§ What is needed: For each line of the listing that contains "Leather", make a copy and return it.

§ Entries supplied:
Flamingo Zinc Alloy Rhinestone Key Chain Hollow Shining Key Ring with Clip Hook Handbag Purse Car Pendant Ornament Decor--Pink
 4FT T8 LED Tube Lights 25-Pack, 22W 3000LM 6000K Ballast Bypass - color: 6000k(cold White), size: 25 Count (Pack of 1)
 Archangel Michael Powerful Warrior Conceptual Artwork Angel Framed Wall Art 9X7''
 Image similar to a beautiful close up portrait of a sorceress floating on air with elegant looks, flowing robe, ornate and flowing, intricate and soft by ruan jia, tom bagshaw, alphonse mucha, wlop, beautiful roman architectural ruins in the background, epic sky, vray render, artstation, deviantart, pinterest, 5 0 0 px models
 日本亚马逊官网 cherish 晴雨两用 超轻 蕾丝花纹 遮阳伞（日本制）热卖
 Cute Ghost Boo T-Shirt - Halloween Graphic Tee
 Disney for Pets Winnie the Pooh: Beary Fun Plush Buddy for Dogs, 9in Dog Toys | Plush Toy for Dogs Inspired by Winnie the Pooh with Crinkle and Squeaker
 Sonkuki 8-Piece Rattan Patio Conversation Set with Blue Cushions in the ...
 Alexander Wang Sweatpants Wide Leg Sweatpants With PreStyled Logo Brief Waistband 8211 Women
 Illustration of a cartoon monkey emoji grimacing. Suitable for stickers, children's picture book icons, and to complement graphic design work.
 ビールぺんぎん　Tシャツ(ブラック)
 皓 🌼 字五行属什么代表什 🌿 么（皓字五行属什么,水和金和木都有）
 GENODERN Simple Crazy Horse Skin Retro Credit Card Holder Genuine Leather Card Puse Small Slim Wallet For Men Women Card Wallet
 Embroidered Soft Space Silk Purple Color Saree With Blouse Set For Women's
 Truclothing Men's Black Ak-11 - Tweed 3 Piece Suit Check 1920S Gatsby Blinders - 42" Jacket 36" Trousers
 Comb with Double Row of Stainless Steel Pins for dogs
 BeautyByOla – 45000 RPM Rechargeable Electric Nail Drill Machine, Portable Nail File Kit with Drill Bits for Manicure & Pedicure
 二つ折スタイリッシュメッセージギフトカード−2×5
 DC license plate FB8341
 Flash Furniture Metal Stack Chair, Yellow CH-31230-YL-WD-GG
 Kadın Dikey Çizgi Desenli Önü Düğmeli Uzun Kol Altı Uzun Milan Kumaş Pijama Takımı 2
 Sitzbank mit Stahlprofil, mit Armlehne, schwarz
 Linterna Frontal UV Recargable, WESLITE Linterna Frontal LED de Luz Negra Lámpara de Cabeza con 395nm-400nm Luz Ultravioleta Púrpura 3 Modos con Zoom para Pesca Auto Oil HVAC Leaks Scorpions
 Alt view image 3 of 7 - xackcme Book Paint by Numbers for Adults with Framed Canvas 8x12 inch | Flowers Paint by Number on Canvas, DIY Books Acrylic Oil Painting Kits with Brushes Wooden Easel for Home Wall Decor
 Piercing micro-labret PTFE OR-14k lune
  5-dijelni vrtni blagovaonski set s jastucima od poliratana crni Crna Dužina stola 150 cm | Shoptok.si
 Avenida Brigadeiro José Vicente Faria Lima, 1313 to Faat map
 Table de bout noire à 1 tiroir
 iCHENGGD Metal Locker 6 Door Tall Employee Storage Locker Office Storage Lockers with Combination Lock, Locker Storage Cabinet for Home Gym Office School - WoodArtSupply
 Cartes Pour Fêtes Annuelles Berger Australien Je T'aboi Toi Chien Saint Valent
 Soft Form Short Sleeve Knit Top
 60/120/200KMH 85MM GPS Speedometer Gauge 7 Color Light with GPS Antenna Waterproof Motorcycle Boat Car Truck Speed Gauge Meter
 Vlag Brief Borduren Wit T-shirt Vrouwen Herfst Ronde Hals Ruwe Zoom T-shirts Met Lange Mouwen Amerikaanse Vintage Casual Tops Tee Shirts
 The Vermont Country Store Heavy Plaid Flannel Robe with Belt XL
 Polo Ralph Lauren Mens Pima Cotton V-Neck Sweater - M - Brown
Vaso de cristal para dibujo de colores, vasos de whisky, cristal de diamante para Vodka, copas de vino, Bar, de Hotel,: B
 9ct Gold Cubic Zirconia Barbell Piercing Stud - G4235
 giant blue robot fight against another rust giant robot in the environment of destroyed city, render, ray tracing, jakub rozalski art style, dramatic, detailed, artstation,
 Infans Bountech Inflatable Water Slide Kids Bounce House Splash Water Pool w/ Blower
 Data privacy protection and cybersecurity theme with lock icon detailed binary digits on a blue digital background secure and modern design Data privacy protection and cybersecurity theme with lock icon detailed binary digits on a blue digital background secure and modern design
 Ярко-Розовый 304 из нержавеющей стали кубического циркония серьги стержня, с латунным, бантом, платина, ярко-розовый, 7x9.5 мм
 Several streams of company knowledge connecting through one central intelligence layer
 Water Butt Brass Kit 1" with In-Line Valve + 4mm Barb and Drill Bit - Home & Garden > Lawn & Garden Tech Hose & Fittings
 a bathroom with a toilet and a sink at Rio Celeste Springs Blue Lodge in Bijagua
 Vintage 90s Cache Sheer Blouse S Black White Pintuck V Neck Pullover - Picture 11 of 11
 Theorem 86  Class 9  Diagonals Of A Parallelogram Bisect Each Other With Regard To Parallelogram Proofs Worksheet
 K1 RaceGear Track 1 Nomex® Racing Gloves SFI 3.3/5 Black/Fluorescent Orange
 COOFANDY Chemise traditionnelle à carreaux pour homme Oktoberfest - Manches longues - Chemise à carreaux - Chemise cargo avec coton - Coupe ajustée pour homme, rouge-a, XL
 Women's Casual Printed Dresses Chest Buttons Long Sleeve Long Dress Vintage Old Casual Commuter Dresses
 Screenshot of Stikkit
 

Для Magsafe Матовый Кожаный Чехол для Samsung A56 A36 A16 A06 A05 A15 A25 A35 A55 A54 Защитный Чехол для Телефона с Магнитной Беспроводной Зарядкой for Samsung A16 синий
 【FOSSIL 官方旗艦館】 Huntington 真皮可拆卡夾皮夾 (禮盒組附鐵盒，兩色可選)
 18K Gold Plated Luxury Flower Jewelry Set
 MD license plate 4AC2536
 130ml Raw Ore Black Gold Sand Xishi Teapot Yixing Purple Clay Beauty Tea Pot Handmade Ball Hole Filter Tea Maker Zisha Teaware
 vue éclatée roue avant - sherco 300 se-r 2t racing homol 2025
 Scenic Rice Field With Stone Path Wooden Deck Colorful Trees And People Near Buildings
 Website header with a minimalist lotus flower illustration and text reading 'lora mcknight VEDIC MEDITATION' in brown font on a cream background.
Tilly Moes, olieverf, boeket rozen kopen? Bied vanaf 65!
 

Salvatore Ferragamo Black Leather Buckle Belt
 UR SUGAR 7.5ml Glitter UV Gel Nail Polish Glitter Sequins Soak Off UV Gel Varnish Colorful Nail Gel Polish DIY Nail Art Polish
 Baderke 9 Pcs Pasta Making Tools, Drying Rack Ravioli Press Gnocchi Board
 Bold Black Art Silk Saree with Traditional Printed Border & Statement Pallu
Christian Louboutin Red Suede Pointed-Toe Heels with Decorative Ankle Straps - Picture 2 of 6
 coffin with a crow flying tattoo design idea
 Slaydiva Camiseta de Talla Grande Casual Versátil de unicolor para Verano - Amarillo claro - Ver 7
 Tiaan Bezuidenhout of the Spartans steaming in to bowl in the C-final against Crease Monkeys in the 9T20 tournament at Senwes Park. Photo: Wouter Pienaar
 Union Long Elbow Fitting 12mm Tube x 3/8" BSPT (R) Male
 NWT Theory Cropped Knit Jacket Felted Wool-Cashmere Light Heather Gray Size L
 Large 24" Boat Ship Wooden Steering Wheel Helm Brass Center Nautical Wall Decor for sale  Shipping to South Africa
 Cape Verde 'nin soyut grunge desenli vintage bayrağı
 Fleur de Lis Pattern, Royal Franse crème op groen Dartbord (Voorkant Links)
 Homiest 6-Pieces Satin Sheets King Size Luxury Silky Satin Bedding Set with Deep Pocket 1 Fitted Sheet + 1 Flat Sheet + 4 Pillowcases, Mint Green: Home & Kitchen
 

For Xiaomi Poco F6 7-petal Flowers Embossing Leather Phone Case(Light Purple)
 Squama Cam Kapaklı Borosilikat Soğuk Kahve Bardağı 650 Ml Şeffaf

§ Task solution:
 GENODERN Simple Crazy Horse Skin Retro Credit Card Holder Genuine Leather Card Puse Small Slim Wallet For Men Women Card Wallet
Salvatore Ferragamo Black Leather Buckle Belt
For Xiaomi Poco F6 7-petal Flowers Embossing Leather Phone Case(Light Purple)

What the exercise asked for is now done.